Damit steht der Verstoß gegen europäisches Datenschutzrecht außer Frage, ganz unabhängig von der Verantwortlichkeit. Laut Kelber hat auch die Bundesregierung etliche Versuche unternommen, von Facebook valide datenschutzrechtliche Aussagen und Garantien zu bekommen. Die seien aber nie hinreichend durch Facebook erfolgt. Immer wieder versendet Facebook ein sogenanntes „Addendum“ als vermeintlichen Beweis der Datenschutzkonformität. Dieses Addendum wurde aber bereits 2019 als unzureichend eingestuft.

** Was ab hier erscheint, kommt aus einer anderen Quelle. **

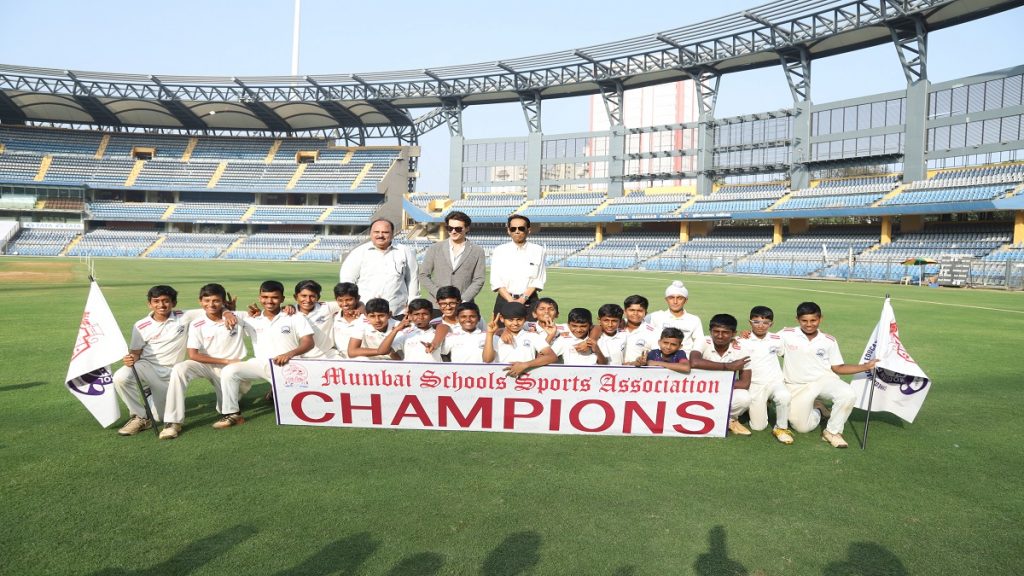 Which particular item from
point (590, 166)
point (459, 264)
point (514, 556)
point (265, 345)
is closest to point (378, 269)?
point (459, 264)

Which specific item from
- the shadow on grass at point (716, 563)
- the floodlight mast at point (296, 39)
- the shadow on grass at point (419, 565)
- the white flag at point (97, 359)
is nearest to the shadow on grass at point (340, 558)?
the shadow on grass at point (419, 565)

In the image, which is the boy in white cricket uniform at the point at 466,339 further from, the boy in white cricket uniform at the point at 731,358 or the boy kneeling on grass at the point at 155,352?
the boy kneeling on grass at the point at 155,352

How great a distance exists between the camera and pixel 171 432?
5246mm

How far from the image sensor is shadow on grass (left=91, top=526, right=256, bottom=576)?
3156 mm

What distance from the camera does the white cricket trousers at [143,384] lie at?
5461 millimetres

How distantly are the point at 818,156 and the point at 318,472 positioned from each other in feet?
148

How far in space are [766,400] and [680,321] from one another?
1.08 metres

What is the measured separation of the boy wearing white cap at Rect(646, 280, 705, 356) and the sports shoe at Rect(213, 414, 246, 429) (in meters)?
4.03

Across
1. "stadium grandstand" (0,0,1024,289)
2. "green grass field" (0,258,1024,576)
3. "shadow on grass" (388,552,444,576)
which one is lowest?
"shadow on grass" (388,552,444,576)

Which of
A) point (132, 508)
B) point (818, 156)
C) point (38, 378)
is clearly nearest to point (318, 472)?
point (132, 508)

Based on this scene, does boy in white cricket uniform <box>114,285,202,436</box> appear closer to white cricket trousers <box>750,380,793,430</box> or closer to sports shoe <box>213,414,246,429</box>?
sports shoe <box>213,414,246,429</box>

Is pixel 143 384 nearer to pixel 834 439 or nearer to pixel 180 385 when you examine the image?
pixel 180 385

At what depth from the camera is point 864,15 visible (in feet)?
118

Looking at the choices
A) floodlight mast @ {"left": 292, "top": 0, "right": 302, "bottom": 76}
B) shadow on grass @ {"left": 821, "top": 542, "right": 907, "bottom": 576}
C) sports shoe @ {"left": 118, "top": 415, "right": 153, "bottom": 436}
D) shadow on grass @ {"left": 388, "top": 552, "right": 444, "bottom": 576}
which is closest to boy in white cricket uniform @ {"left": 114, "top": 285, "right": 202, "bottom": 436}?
sports shoe @ {"left": 118, "top": 415, "right": 153, "bottom": 436} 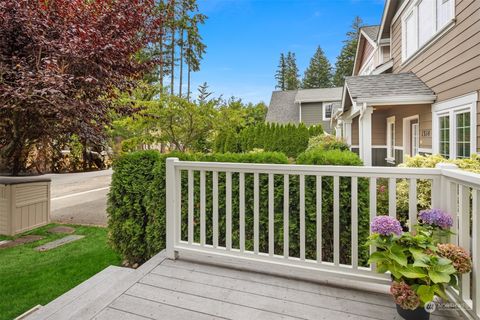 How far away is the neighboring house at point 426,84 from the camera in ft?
15.1

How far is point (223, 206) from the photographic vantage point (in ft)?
11.0

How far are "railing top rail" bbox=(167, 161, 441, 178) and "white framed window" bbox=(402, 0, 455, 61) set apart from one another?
463cm

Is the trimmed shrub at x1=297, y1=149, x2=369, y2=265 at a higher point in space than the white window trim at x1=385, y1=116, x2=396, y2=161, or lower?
lower

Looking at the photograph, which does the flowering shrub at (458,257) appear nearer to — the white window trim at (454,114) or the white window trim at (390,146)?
the white window trim at (454,114)

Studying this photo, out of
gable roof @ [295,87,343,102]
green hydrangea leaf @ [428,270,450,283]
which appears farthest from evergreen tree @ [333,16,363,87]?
green hydrangea leaf @ [428,270,450,283]

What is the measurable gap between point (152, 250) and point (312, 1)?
13.2 metres

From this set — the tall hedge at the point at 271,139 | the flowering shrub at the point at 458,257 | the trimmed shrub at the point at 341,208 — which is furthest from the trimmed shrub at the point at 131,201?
the tall hedge at the point at 271,139

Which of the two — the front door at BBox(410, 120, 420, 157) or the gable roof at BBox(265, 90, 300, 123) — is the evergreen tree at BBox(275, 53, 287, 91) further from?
the front door at BBox(410, 120, 420, 157)

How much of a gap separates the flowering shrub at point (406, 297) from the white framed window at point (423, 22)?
17.7 ft

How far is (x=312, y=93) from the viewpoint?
810 inches

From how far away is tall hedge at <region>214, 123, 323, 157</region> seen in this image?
39.0 ft

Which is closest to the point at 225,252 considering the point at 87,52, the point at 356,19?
the point at 87,52

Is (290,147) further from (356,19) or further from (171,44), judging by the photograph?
(356,19)

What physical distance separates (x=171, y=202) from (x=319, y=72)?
37.7 meters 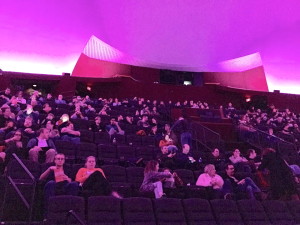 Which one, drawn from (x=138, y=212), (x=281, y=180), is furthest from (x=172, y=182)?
(x=281, y=180)

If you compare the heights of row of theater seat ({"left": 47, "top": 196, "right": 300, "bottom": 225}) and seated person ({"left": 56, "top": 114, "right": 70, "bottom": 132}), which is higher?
seated person ({"left": 56, "top": 114, "right": 70, "bottom": 132})

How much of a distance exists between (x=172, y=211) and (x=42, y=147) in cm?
299

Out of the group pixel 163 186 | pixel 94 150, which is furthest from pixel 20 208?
pixel 94 150

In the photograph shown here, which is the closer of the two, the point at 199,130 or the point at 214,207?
the point at 214,207

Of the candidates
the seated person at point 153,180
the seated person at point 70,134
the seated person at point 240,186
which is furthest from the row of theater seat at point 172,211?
the seated person at point 70,134

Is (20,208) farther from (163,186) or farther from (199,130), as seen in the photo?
(199,130)

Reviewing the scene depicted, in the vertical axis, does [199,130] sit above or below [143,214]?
above

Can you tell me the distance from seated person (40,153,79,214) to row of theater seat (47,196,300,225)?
18.7 inches

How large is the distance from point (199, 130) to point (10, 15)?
963cm

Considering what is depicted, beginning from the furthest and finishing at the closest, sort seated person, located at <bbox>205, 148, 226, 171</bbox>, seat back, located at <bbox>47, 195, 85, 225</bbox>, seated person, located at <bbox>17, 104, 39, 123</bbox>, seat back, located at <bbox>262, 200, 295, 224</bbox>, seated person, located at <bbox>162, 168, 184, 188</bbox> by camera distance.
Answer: seated person, located at <bbox>17, 104, 39, 123</bbox>, seated person, located at <bbox>205, 148, 226, 171</bbox>, seated person, located at <bbox>162, 168, 184, 188</bbox>, seat back, located at <bbox>262, 200, 295, 224</bbox>, seat back, located at <bbox>47, 195, 85, 225</bbox>

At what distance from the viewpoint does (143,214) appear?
213 inches

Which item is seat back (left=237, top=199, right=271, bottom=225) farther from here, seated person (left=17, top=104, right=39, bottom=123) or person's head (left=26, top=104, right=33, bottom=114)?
person's head (left=26, top=104, right=33, bottom=114)

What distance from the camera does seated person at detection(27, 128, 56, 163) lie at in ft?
23.4

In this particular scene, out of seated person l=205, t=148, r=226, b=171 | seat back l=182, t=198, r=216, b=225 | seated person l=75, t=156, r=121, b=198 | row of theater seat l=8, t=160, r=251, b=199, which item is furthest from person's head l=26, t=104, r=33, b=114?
seat back l=182, t=198, r=216, b=225
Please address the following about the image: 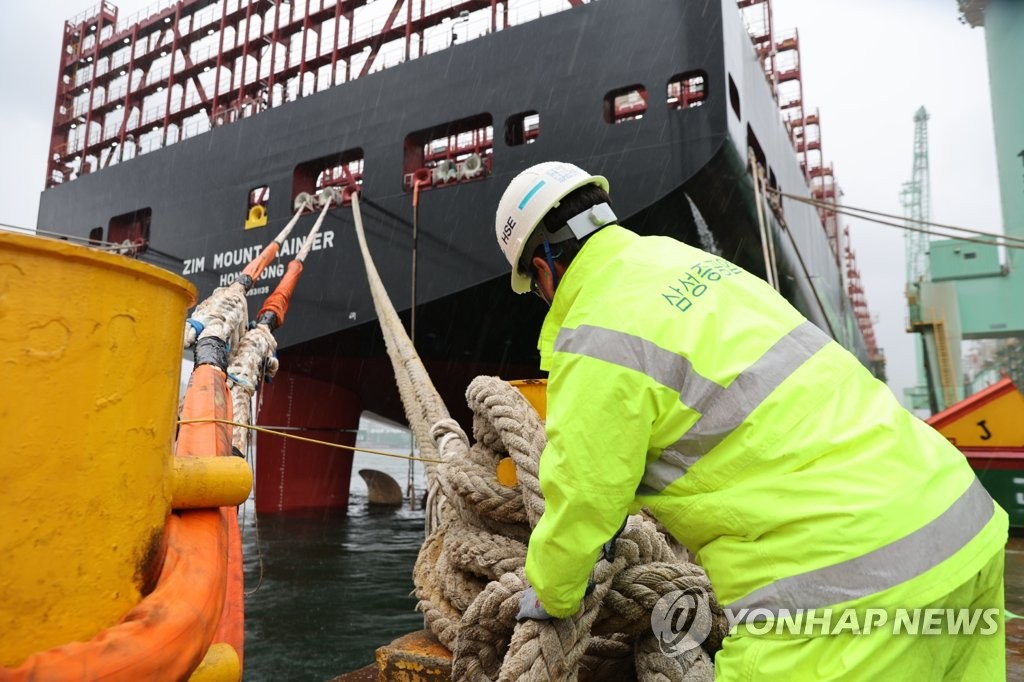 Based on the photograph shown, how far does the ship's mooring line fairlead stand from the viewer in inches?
60.2

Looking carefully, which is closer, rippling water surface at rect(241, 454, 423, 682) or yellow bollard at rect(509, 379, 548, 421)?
yellow bollard at rect(509, 379, 548, 421)

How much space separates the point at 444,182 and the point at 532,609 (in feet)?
21.6

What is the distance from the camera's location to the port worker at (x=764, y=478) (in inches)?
39.7

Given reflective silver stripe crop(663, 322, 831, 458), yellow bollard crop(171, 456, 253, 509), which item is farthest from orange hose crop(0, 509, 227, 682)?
reflective silver stripe crop(663, 322, 831, 458)

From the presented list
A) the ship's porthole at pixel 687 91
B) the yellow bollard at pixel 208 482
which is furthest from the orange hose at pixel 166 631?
the ship's porthole at pixel 687 91

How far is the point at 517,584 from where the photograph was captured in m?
1.68

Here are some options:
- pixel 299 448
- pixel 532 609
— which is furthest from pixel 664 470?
pixel 299 448

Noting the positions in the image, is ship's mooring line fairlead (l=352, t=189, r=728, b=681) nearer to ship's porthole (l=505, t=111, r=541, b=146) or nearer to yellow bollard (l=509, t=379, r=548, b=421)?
yellow bollard (l=509, t=379, r=548, b=421)

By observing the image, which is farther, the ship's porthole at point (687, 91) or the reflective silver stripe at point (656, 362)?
the ship's porthole at point (687, 91)

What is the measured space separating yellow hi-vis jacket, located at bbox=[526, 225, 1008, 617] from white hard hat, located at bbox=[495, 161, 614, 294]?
0.30 meters

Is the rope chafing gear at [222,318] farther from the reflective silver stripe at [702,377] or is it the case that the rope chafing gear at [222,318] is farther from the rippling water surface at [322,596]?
the reflective silver stripe at [702,377]

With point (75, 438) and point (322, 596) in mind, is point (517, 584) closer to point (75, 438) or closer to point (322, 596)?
point (75, 438)

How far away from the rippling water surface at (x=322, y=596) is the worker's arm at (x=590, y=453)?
1.62 m
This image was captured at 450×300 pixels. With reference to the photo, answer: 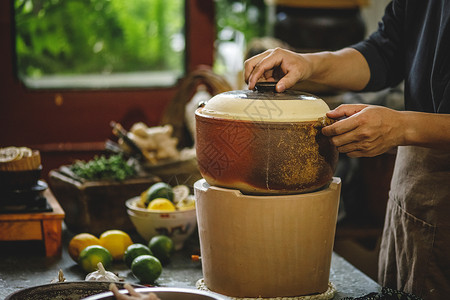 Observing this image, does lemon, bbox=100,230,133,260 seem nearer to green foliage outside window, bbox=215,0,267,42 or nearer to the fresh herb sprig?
the fresh herb sprig

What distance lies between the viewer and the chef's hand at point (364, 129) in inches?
55.6

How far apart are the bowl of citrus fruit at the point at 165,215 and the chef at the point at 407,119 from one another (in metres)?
0.59

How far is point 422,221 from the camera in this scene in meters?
1.74

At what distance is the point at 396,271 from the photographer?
193 cm

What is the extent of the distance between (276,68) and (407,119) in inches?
16.5

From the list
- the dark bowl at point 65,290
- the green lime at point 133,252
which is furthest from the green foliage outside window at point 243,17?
the dark bowl at point 65,290

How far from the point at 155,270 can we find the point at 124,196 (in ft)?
2.08

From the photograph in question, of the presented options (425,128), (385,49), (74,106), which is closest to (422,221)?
(425,128)

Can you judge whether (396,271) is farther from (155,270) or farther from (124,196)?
(124,196)

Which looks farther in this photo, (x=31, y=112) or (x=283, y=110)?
(x=31, y=112)

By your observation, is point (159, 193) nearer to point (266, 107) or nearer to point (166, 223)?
point (166, 223)

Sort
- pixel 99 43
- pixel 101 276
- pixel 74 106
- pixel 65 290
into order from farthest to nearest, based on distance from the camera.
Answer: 1. pixel 99 43
2. pixel 74 106
3. pixel 101 276
4. pixel 65 290

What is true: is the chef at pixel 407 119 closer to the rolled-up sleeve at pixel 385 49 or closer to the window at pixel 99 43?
the rolled-up sleeve at pixel 385 49

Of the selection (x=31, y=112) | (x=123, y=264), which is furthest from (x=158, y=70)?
(x=123, y=264) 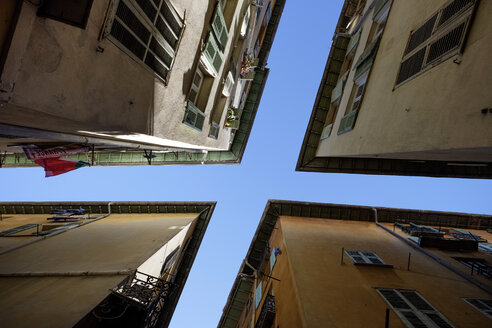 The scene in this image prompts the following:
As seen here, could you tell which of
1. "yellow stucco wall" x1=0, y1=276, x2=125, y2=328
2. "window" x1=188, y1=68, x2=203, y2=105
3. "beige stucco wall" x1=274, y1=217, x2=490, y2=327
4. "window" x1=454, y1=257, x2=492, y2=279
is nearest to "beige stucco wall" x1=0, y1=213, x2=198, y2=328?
"yellow stucco wall" x1=0, y1=276, x2=125, y2=328

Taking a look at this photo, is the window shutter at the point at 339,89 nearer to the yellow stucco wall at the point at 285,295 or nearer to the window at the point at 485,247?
the yellow stucco wall at the point at 285,295

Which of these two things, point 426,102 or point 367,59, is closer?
point 426,102

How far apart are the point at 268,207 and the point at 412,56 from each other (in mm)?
10326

Mangelndes Engagement der irischen Datenschutzbehörde
Was die Situation so schwierig macht, ist einerseits die Frage nach der Verantwortlichkeit. Ein Facebook-Seiten-Betreiber kann seinerseits natürlich datenschutzrechtlich auf der Fanpage alles „richtig“ machen. Allerdings hat er keinen Einfluss auf etwaigen Datenmissbrauch des Betreibers, der seinerseits ja nicht in Deutschland seinen Unternehmenssitz hat. Zuständig etwa bei den zahlreichen Beschwerden gegen Datenschutzverstöße, die User beispielsweise gegen Facebook erheben, ist das EU-Land, in dem der Messenger-Dienst seinen Europasitz unterhält. Das ist im Fall von Meta Irland. Die deutschen Datenschutzbehörden haben in der Vergangenheit mehrfach beklagt, dass die zuständigen irischen Datenschutzbehörden nur sehr verzögert auf Eingaben reagieren, nicht selten vergehen Monate oder Jahre, bis es zu einer Stellungnahme der irischen Behörden zu einer Beschwerde wegen eines Datenschutzverstoßes kommt.
Datenschutz-Empfehlung: Einstellung allerbehördlichen Facebook-Seiten
Der konkreten Aufforderung ans Bundespresseamt, die Facebookseite abzuschalten, gingen Empfehlungen der obersten Datenschutzbehörde an alle deutschen Behörden voraus, Facebookseiten einzustellen. Nachdem dieser Aufforderung keine Behörde nachgekommen ist, hat sich Ulrich Kelber nun dazu veranlasst gesehen, die nächste Eskalationsstufe einzuläuten und ein Abschaltgebot zu erlassen. Die Bundesregierung wird binnen der gesetzten Frist von vier Wochen nach rechtlicher Prüfung auf die Aufforderung zur Abschaltung reagieren. Es bleibt also mit Spannung abzuwarten, ob über eine Million Follower künftig ihrer Seite beraubt werden – im Hinblick auf die Reichweite des Bundespresseamtes wäre dies eine spürbare Beschneidung.